The correct answer is D) In a recent study, shoppers who had recently purchased a garment in a luxury material cited similar reasons for buying angora as buying cashmere. This option best supports the claim that more people will be buying angora clothing.
Explanation
The Argument's Core: The argument states that a reduction in cashmere supply has driven up its price. The conclusion is that more people will buy angora. This relies on the unstated premise that angora is a suitable substitute for cashmere, and that the rising price of cashmere will directly lead consumers to switch to angora.
Why D is the Best Support: Option D strengthens this link by showing a direct consumer preference connection. If consumers have similar reasons for buying both angora and cashmere, it suggests they see the two materials as interchangeable for meeting their needs or desires for luxury. Therefore, a sharp price increase in one would logically lead them to switch to the other, which is the main premise of the argument. It provides a direct reason for the consumer behavior shift predicted by the conclusion.
Why the Other Options are Incorrect:
A) Any disease that affects a bovid such as the cashmere goat is unlikely to cross the biological order line and affect lagomorphs such as the angora rabbit.

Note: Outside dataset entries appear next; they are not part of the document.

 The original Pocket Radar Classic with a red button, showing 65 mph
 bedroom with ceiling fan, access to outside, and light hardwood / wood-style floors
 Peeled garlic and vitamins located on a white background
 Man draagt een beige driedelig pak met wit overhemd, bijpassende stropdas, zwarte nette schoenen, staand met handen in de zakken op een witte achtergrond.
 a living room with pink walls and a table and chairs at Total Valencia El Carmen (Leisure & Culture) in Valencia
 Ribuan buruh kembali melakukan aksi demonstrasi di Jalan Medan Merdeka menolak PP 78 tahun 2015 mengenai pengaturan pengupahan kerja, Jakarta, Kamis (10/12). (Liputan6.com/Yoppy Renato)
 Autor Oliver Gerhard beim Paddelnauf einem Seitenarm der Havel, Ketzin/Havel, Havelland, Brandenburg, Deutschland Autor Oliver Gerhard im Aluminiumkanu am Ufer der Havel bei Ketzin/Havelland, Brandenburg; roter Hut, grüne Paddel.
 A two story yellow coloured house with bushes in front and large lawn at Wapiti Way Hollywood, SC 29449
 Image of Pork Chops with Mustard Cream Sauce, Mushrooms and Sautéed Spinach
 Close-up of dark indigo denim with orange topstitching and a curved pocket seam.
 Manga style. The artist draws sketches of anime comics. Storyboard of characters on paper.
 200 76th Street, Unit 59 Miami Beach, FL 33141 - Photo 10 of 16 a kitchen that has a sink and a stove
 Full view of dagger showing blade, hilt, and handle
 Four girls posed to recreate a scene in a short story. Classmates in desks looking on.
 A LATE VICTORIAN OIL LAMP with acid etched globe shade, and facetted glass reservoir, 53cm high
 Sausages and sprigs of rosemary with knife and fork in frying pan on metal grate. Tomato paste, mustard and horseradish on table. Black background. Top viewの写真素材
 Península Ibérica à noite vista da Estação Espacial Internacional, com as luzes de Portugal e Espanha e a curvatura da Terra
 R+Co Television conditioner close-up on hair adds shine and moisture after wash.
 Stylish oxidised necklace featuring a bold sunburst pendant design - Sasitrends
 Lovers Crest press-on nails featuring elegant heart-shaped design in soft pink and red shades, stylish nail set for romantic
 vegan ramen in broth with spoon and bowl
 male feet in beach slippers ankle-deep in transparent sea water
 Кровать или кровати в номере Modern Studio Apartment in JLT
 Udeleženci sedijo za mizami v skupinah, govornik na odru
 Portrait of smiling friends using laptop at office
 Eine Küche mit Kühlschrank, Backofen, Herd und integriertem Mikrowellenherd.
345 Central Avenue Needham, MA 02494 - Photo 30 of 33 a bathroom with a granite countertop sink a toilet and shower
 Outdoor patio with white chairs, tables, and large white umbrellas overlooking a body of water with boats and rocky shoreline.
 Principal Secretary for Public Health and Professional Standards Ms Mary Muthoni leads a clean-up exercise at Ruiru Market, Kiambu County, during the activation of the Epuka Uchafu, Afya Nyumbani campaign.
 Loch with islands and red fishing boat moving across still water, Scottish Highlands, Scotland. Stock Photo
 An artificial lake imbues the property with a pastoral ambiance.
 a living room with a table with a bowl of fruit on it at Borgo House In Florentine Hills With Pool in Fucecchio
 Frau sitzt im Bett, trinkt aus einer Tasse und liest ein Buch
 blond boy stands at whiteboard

This is an irrelevant fact. It confirms the supply of angora won't be affected by the disease, which is already a given assumption, but it doesn't explain *why* consumers would switch from cashmere to angora.
B) Most consumers cannot tell the difference between cashmere and angora, which are both expensive and similar in texture. While this might seem plausible, it's not as strong as D. The fact that consumers can't tell the difference doesn't necessarily mean they'll switch. They might simply choose a non-luxury item, or just buy less. Option D directly addresses the *reason* for the purchase, which is what the conclusion is built on.
C) When the price of one luxury item sharply rises, many other luxury items see a slight increase in price. This weakens the argument. If the price of angora also increases, it makes it less likely that consumers will switch to it as a cheaper alternative.
E) The sales of luxury items are far less sensitive to price fluctuations than are most inexpensive staple items. This also weakens the argument. If luxury item sales are not very sensitive to price changes, then the sharp rise in cashmere prices might not significantly reduce its sales. Consequently, there would be less reason for consumers to seek out a substitute like angora.